Open MPI logo

Hardware Locality Development Mailing List Archives

  |   Home   |   Support   |   FAQ   |   all Hardware Locality Development mailing list

Subject: Re: [hwloc-devel] SWIG bindings
From: Brice Goglin (Brice.Goglin_at_[hidden])
Date: 2010-12-03 15:51:26

Le 03/12/2010 21:42, Bernd Kallies a écrit :
>> We should really encourage people to use XML in such cases. Setting
>> HWLOC_XMLFILE=/path/to/exported/file.xml in the environment should just
>> work (as long as you update the XML file major hwloc releases or os).
>> Maybe we should add a dedicated section about this in the documentation?
>> Something like "Speeding up hwloc on large nodes"? And maybe even
>> encourage distro-packager to create a XML export file under /var/lib
>> with an advice to add HWLOC_XMLFILE to /etc/environment if they care
>> about hwloc/HPC?
>> Anyway Bernd, can you export a XML on this nice machine and reload it
>> and see how long it takes? I hope all the bottlenecks are in the Linux
>> backend parsing /sys and /proc, not in the actual hwloc core.
> I'm not sure if I understood. From my point of view it makes no sense to
> create an XML representation of the topology with hwloc, and then read
> this XML in again to be able to dive into it to figure out something.
> When there is an API that provides direct access to parts of the
> topology once it is constructed, then the XML thing is useless
> additional work.

Don't see the XML as a way to represent the topology and traverse it.
Just see it as a cache that you can read much faster than /proc and
/sys. Once you load the XML, you get the usual hwloc API.

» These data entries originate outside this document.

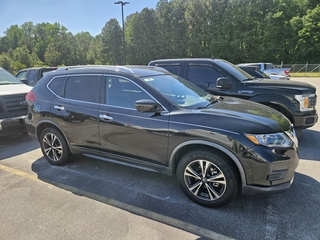2020 Nissan Rogue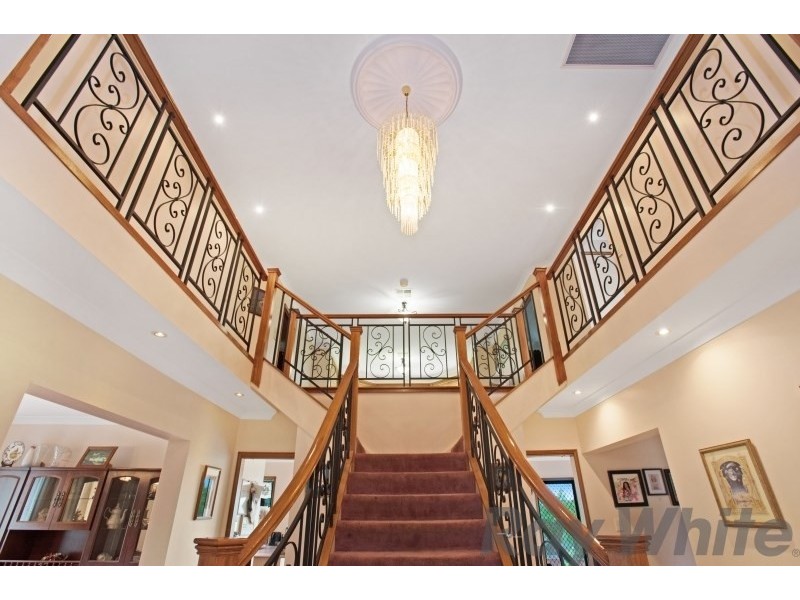 9 Denton Close, Windella NSW 2320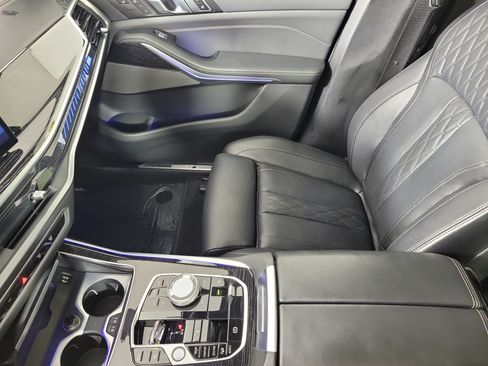 Certified 2025 BMW X7 M60i AWD/4WD image 23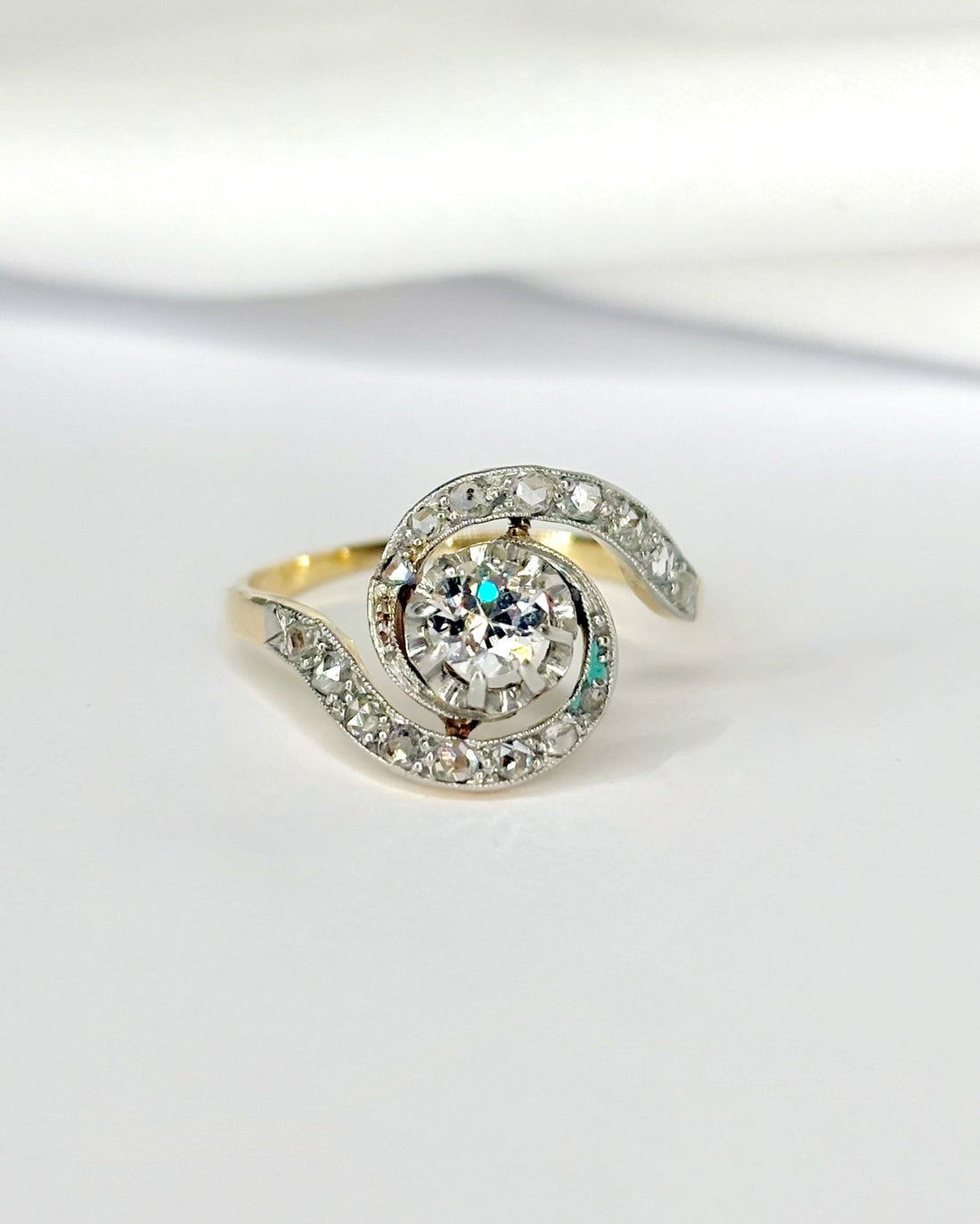 Bague Tourbillon Style Art Nouveau Diamants 0.40 carat "Tallulah" - Elliade Paris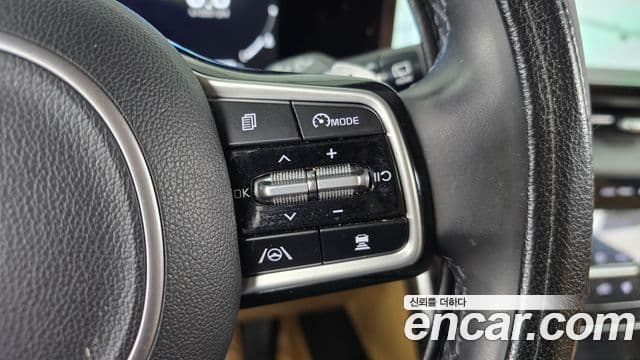 Kia Carnival 2021 — ფოტო 18/20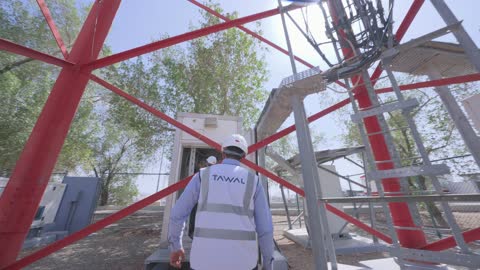 مهندسو اتصالات يفحصون برج الجوال في الخارج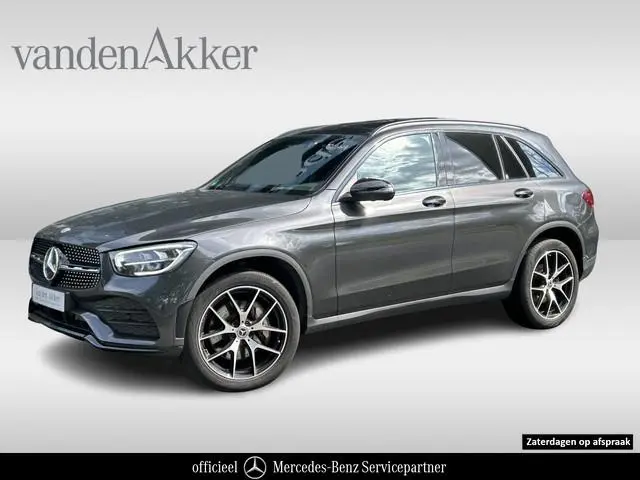 Mercedes-Benz GLC 300e AMG // Panoramadak // Trekhaak // Memory // Headup // 360 Camera // Digitaal...
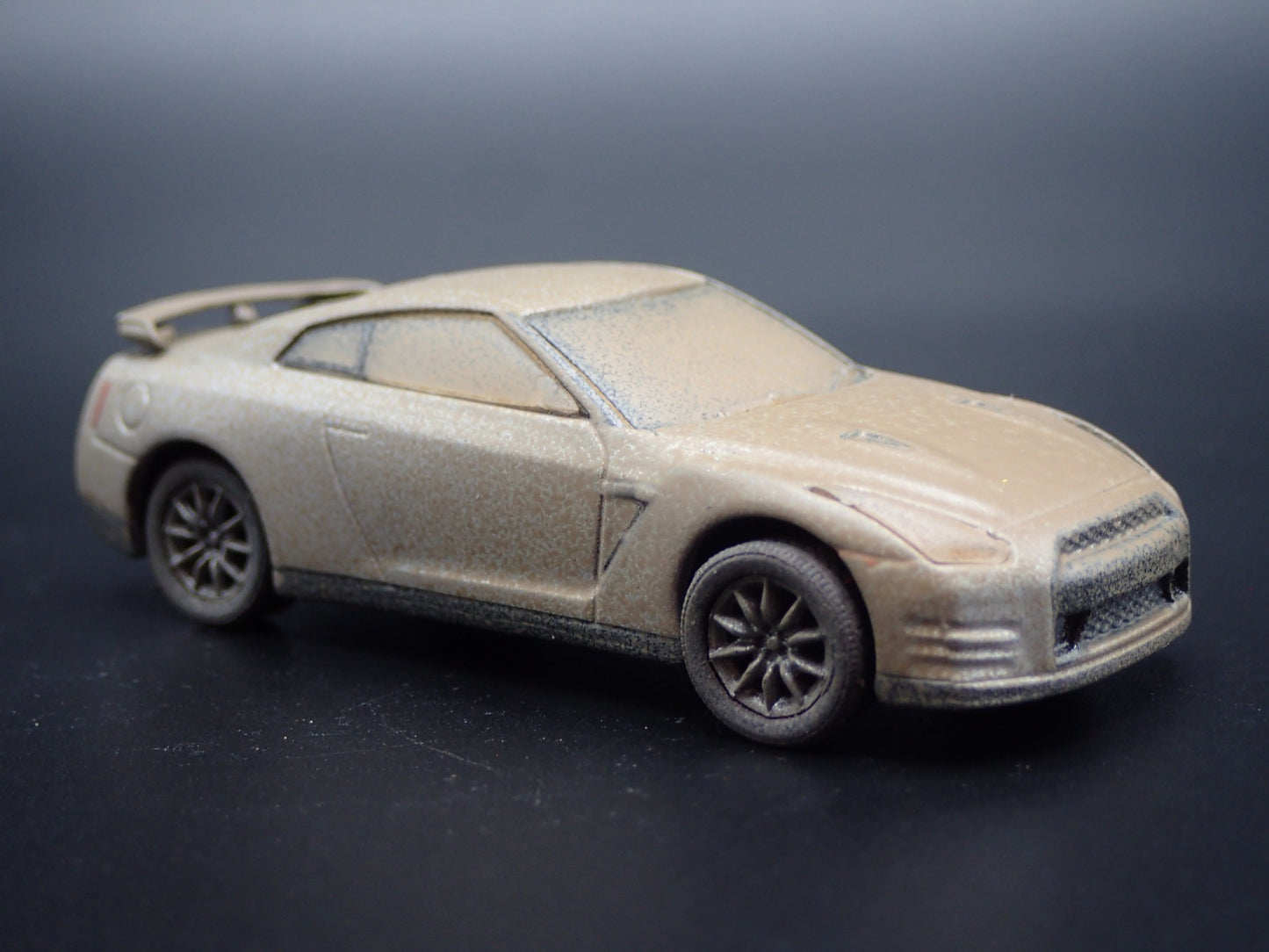 2007-2025 NISSAN GTR R35 SKYLINE ABANDONED 1:64 SCALE DIORAMA DIECAST MODEL CAR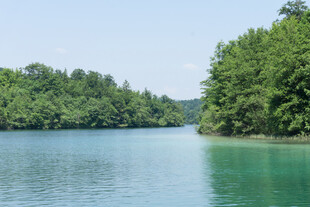 青山环抱的碧绿宁静湖水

> But this would not help us in many
> of our use cases. We have to analyze topologies that do not represent a
> whole machine. We analyze topologies that are bound to cpusets. We do
> this e.g. to construct pinning schemes for MPI applications that run
> inside of batch jobs, which get their cpusets created on the fly
> depending on their resource requests and current load of the machine.

Right, if the cpuset changes, caching in XML is useless (except if we
implement a way to restrict a given topology in the future).

> The
> problem here is rather, if every task running on a node should read the
> topology and figure out on which CPU it should pin itself, or if one
> does this by one master task on a node, and communicate the result to
> the others. But this is outside of hwloc.

Well, having hundreds of processes read /proc and /sys at the same time
is also another reason to use XML. The master can read the topology once
and pass it to all other processes through XML-files or
XML-buffers-over-socket. I assume that's what Open MPI will do in the
near future.